Experts note that corporations will simply find or create new tricks
San Francisco, CA -- (SBWIRE) -- 01/23/2013 -- After MF Global used a little-known and obscure loophole, a U.S. Accounting standards body is proposing the tightening of such capabilities by companies and corporations.
The change was made by the Financial Accounting Standards Board, and would make it more difficult for a companies to use particular repurchasing agreements to move debt off their balancing sheet.
MF Global utilized the tool before it collapsed after investors and customers alike jumped ship following the firm's $6.3 billion debt to the European sovereign debt.
The case had become a political flash point, and investigators in congress, and elsewhere, attempted to identify the source of $1.6 billion in trading accounts.
MF Global had used repo accounting in order to keep sovereign debt off of the books, which made the firm appear as if it was less risky than it actually was, according to sources.
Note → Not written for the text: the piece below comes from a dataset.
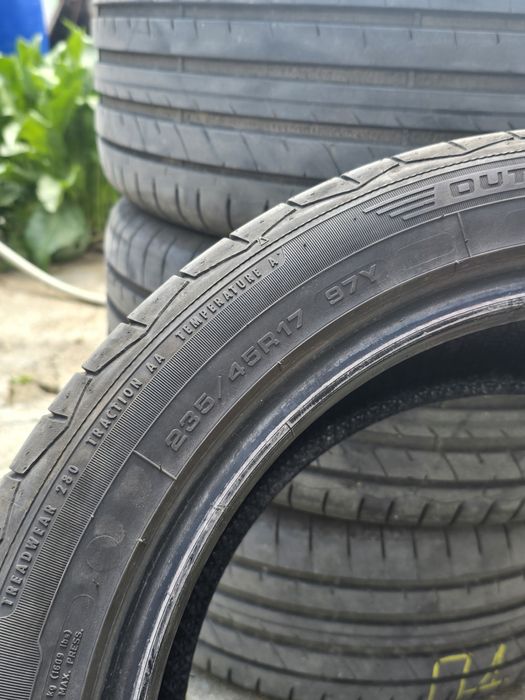 Летни гуми 235/45 R17 Debica Presto UHP2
"What the FASB has proposed has significant potential to close the accounting loophole that MF Global exploited," said Bruce Pounder, a director of professional programs at SmartPros, which provides education to accounting professionals.
When a company utilizes this loophole, it partakes in what is called a repurchasing agreement (or repo). The company uses its assets as collateral to borrow, with an agreement for a future buyback. When a repo is used, the report is recorded as borrowings and thus do not move assets off the books. However, that is exactly what MF Global did when it used a variation of a repo agreement known as “repo-to-maturity.” In the RTM, the repurchase agreement expires at the same time as the collateral maturation. MF Global had simply recorded all repos as sales, and not borrowings, in order to keep them off the balance sheet.
According to the FASB's proposal, the maneuver will be much harder to make in the way that MF Global did, thus allowing for less obscurity in regards to risk and debt holding.
A particular problem that repo accounting has is that it has become so very complex. Even with proposed changes, firms will surely find new obscure rules and caveats to exploit, says J. Edward Kets, accounting professor at Pennsylvania State University.